【風立ちぬの感想1】内容のネタバレは一切なし、ご安心を

【風立ちぬの感想】内容のネタバレは一切なしです、ご安心を。。

ジブリの「風立ちぬ」の感想をあちこちでちらほら見かけるこの頃。ついなるべく最後まで読まないようにしてしまいます。実は私も先週みました。そして自分の感想を書かないうちに他の方のこってりした感想を読むと影響を受けて「最初の自分の感想」を忘れそうになるので、まずはよ、ここに書きとめておこうと思います。

まず映画公開前にNHKの番組の一部で特集が組まれたときに
インタビュアーが宮崎氏に対して「これは遺作ですか?」と聞くのを見て、
なんて失礼な質問をするんだろうと、少し憤慨してました。

確かにだんだん高齢になられて作品作りは大変だと思うけれど、
ご自分が先に「これを最後にしたいと思います」と言われる前に
「これは遺作ですか?」って先に聞くのってどうよ、と。

けれど、映画を見始めると、やはり「これが最後の作品」という宮崎の覚悟感がひしひしと伝わってきました。

たぶん、はじめて自分に正直に作品を作られたのだろうなぁと。

観て思ったのは「宮崎の覚悟と贖罪とバトン」これにつきます。

「覚悟」というのは自分がこの世からいなくなる覚悟、
(いつか、誰でも、そうだけど、宮崎にとっての)
興行的にはもう日本国民のある一定数は確実に宮崎が映画を作れば必ず見に行く層が出来ている、興行的成功はすでに約束されているので、何を出しても安心、それよりも、「この映画を作って見た人にどういわれようが」の覚悟。

「贖罪」は、うまくいえないけど、
今までは会社経営だから、たくさんの人を雇い人生を抱えているのだから、映画製作に莫大なお金使って、失敗するわけにはいかない、だから興行的に成功するために、次に繋げるためにも、うんとサービスしたりエンタメに徹したり、作品作りの中で、自分のやりたいことと伝えたいこととサービスと葛藤や軋轢がある、

けれど、もう僕は客に媚びない、僕はもうたぶん作らない、体力的に気力的にも作れないと思うから、最後の作品は今までの「贖罪」として、「正直に君たちにメッセージを送るよ」=「バトンを渡すよ、だからちゃんと受けとってね」

そういうものを感じました。

私にとってこの映画は、物語が、映画の作りがどうの、そういうことよりも、宮崎のそういう想いのほうが、びんびんと伝わってきた映画でした。

もう少し他の視点でいうと、

「風立ちぬ」はまずこれは大人が対象のアニメなのか、子どもが対象なのか、宮崎さんはどちらに見せたいと思って作られたんだろうと、映画の途中から思い始めました。

これ、子どもはついてこれるのかな〜...。と
でも実際にFBで流れてくる感想やうちの三男の周辺の子たちの感想をきくと、
実に「若い人たち」(あるいは宮崎アニメに対して感性の居着きがない)方たちのほうがウケがよい、という意外な事実まで浮かび上がってきました。

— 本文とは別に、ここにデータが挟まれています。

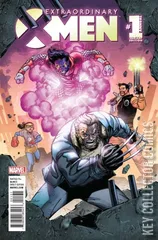 Variant Cover for Extraordinary X-Men Annual #1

私自身は宮崎アニメで一番すきなものは?と聞かれたら、「千と千尋」「もののけ姫」「ナウシカ...」と来るのが正直なところです。

三男の周辺(高専の学寮の子たち)で見た人たちは
「めっちゃよかった!宮崎アニメの中で一番いい!」と一様に声を揃えて言っているようです。

それにお子さんと見に行かれた親御さんの感想は
「小学生の子どもにもちゃんと分かるようで、映画をみて涙ぐんでいた」と。

私にはこちらのほうが驚きでした。

そうか若い人のほうがメッセージが伝わるのか...と。。。

三男の周辺の場合、ひとつは「ものづくり」を目指す子達だから、という点も入っているかもしれませんが...。

FBに流れてくる感想も、ほんとうに十人十色で、おもしろいです

宮崎アニメの中でも最も万華鏡のように人それぞれ違うものをあの映画に感じ取って受けとっている、作品として、最もいろんな方々にいろんな解釈や感想や意見を醸し出す、すごい作品いなっているのだと思います。